This is a guest post by John Hessler, curator of the Jay I. Kislak Collection of the History and Archaeology of the Early Americas at the Library of Congress.
On June 12, 1539, a boat set sail from the Spanish city of Seville containing a cargo that would change the face of the Americas forever. On board was Giovanni Paoli (1500–61), perhaps better known by his Spanish name, Juan Pablos. He had been sent to the New World by Juan Cromberger (d. 1540), one of the most successful printers in Spain, to establish the first printing press on the new continent; with Pablos came all the materials and knowledge necessary to start publishing books in the Americas.
Juan Pablos arrived in Mexico City in October 1539 and quickly set up a press that would become known as the Casa de Juan Cromberger. Between Pablos’ arrival and his death in 1561, he published 37 titles, taking over full ownership of the press after Cromberger’s death in 1540. Only some the titles printed survive to the present day.

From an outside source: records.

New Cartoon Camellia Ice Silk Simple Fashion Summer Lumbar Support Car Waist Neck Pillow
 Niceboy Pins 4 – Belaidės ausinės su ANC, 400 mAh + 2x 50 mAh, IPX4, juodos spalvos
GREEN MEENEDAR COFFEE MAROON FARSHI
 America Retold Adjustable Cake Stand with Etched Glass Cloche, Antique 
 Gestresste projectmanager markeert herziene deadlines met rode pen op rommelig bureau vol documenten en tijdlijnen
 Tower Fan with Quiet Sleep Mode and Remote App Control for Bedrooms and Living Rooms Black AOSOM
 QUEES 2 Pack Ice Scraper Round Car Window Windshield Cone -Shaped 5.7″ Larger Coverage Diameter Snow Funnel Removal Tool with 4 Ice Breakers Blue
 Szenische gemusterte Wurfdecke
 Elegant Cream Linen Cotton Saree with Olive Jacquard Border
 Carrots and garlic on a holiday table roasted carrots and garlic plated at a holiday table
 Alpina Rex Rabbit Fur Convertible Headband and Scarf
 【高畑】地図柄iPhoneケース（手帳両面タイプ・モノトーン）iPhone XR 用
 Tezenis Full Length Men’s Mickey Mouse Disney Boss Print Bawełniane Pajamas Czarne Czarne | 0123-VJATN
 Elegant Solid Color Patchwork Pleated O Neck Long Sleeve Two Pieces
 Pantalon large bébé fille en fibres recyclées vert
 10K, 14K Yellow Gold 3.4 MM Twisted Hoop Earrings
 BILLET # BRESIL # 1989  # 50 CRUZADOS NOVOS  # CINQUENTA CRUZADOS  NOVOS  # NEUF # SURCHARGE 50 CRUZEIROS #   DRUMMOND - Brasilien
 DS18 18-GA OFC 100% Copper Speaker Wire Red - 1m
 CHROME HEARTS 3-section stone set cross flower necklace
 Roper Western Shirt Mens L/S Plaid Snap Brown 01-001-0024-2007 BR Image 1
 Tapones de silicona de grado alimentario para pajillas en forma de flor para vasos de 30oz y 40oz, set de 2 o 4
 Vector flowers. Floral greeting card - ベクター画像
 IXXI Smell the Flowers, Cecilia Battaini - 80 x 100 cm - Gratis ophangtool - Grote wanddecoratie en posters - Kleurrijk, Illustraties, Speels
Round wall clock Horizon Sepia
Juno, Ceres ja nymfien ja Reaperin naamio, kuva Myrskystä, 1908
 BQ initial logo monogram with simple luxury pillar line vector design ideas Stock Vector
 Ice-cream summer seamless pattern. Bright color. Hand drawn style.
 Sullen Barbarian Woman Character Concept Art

His first book, the earliest known to have been published in the Americas, came off the presses in 1539. It was titled the “Breve y más compendiosa doctrina Christiana en lengua Mexicana y Castellana,” which translates to “Short Compendium of Catholic Doctrine in Both Nahuatl and Spanish.” The first archbishop of Mexico, Juan de Zumárraga (1468–1548), wrote the book, apparently in both the indigenous language of Nahuatl and in Spanish. Unfortunately, no copies of the book have survived. Through the centuries, it has taken on legendary status, as scholars, collectors and antiquarians have continued to seek it out.
The distinction of being the first book printed in the Americas that can still actually be read goes to another Zumárraga title, “Doctrina breve muy provechosa,” or “Brief and useful Catholic Doctrine,” dating from 1543–44. The Library’s Rare Book and Special Collections Division holds a copy of this extremely rare book.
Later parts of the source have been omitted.